TASK INSTRUCTIONS » Copy all lines holding the word "passing" from the entries.

====== DATA PROVIDED

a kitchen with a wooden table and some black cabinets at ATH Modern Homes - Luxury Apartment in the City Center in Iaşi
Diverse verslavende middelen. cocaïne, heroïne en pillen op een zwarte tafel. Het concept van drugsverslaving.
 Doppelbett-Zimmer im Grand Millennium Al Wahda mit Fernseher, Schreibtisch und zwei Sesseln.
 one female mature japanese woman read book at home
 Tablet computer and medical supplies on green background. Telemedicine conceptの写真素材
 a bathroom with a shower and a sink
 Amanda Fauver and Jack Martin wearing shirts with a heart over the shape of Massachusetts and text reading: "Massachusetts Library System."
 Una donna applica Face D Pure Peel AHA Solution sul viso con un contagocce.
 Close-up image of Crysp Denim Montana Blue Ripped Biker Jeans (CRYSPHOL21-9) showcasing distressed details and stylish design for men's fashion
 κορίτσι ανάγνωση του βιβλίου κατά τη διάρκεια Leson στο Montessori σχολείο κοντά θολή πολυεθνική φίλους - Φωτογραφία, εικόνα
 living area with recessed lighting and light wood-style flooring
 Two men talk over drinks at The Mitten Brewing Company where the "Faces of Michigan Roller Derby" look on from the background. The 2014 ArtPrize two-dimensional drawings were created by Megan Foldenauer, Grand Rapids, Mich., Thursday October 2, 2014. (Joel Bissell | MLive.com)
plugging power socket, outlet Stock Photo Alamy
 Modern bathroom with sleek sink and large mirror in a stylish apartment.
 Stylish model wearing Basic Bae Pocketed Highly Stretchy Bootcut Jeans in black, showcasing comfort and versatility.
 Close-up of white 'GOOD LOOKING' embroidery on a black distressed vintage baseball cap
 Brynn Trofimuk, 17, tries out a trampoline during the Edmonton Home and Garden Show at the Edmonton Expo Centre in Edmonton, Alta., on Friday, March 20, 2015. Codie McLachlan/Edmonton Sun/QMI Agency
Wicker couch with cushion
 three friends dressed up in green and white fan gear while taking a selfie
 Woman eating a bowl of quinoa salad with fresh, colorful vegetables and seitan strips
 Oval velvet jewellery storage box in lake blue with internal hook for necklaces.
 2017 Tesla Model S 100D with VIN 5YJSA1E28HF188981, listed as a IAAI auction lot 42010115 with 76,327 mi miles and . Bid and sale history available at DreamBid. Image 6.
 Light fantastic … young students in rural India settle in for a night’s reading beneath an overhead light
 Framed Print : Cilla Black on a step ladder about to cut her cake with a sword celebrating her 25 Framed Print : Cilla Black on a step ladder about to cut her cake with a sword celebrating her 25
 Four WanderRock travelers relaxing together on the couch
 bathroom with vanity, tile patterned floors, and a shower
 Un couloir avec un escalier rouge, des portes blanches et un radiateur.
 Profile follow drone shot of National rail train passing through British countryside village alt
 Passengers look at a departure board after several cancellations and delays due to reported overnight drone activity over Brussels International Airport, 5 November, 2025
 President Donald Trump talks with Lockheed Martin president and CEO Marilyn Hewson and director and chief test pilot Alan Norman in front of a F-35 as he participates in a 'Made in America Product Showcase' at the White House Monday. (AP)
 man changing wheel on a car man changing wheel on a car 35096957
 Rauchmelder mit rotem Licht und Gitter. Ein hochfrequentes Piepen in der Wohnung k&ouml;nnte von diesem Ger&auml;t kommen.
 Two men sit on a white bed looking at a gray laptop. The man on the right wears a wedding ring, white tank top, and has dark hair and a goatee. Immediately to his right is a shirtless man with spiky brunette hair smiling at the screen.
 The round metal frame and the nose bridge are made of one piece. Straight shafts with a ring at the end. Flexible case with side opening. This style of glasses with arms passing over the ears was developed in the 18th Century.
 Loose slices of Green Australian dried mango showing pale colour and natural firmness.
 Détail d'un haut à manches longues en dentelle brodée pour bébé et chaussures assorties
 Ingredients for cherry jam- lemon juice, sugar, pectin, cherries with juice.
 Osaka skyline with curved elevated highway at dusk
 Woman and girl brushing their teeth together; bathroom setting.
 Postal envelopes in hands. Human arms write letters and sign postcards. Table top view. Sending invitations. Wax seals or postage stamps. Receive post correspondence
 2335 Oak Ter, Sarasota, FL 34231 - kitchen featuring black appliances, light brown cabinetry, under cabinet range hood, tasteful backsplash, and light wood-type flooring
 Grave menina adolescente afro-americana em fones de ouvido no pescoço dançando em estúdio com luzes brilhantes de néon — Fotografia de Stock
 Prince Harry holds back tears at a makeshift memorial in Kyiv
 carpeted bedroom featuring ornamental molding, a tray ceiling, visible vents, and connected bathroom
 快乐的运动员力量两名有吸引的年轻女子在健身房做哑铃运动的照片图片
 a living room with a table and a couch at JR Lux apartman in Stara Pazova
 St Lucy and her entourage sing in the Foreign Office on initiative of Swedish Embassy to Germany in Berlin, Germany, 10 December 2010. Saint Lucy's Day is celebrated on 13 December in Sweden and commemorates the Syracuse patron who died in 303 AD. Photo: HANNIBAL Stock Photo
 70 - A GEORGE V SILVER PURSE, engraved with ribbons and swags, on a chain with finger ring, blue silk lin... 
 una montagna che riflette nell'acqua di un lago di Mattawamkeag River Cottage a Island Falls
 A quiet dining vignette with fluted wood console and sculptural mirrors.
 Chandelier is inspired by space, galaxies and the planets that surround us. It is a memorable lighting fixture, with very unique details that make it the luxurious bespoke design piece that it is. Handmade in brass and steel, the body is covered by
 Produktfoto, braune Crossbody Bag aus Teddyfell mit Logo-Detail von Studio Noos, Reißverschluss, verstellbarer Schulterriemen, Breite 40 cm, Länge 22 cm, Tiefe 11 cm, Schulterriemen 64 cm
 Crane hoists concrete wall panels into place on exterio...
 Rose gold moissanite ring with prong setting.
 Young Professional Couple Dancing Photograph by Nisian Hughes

============

SOLVED EXERCISE »
 Profile follow drone shot of National rail train passing through British countryside village alt
 The round metal frame and the nose bridge are made of one piece. Straight shafts with a ring at the end. Flexible case with side opening. This style of glasses with arms passing over the ears was developed in the 18th Century.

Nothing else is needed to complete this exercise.